WHAT IS BEING ASKED
For this exercise, write out the whole listing below exactly, omitting its images.

RECORDED INFORMATION
***
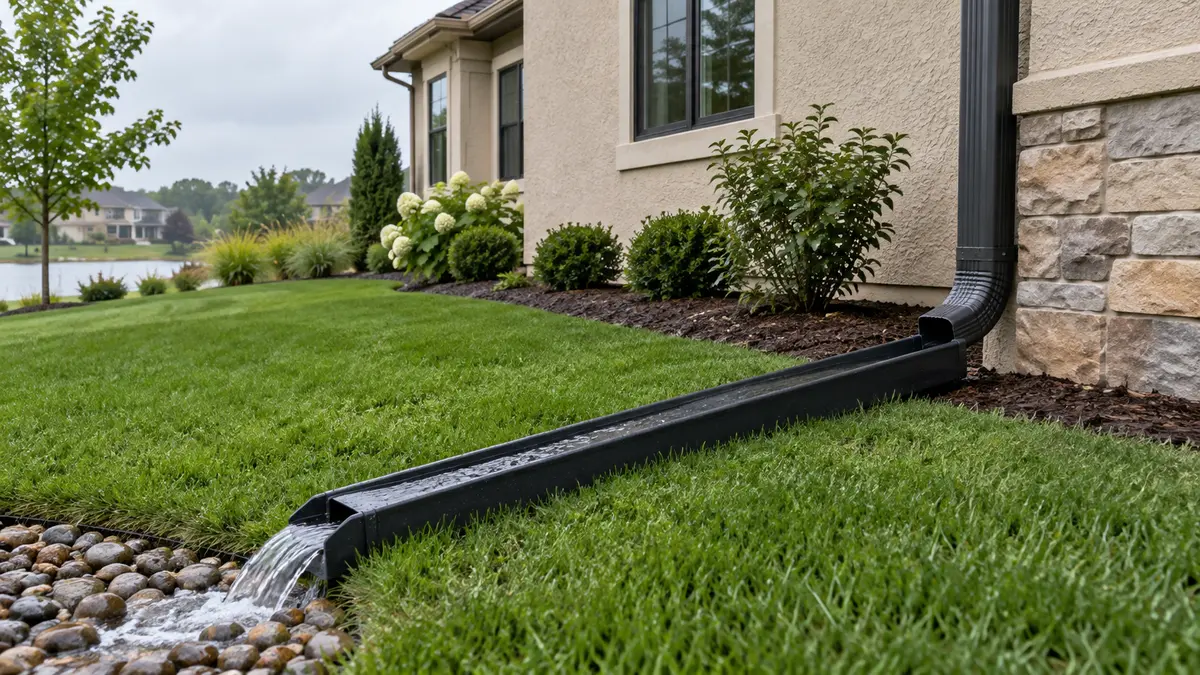 Downspout extension directing roof water onto lawn away from a Mississauga home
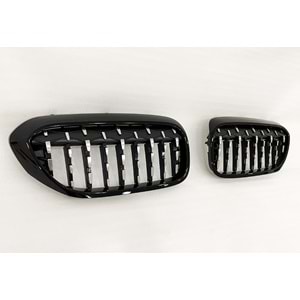 G30 Meteor Front Grille ABS / 2017-2019 (Piano Black Frame + Chrome)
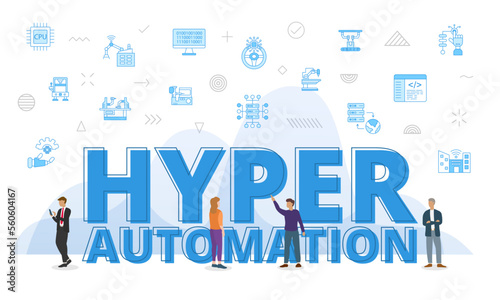 hyper automation concept with big words and people surrounded by related icon spreading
***
FINISHED TASK
 Downspout extension directing roof water onto lawn away from a Mississauga home
 G30 Meteor Front Grille ABS / 2017-2019 (Piano Black Frame + Chrome)
 hyper automation concept with big words and people surrounded by related icon spreading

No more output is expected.